### WORK REQUIRED
Take each line of the material that includes "Black" and copy it.

### DATASET CONTENT
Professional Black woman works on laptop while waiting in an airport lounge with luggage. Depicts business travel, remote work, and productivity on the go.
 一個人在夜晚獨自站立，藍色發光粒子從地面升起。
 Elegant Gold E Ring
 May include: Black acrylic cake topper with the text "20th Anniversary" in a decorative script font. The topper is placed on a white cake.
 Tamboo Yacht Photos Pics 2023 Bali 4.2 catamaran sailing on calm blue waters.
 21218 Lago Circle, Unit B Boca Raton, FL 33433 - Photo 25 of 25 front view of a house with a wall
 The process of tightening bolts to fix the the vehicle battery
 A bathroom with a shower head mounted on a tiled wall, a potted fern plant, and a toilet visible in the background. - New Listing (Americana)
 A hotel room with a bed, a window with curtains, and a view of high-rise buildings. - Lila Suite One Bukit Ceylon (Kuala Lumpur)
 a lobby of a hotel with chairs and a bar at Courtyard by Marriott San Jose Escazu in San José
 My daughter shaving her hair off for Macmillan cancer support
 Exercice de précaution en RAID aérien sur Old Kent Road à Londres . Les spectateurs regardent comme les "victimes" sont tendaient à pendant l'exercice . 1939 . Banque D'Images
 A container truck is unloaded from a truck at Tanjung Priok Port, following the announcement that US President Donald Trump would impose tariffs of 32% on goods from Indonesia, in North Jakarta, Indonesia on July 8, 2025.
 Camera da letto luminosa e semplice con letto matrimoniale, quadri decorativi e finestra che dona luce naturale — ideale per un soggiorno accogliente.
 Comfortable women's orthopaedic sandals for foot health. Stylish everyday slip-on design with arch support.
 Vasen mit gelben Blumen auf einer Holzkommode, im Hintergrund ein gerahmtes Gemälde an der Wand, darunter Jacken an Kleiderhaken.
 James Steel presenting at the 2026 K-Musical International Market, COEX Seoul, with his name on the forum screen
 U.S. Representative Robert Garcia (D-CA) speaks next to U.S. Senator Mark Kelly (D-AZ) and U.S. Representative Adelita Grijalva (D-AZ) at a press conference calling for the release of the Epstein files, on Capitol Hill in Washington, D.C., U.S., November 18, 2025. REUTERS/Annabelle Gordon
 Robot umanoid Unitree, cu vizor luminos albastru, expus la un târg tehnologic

### WRITTEN SOLUTION
Professional Black woman works on laptop while waiting in an airport lounge with luggage. Depicts business travel, remote work, and productivity on the go.
 May include: Black acrylic cake topper with the text "20th Anniversary" in a decorative script font. The topper is placed on a white cake.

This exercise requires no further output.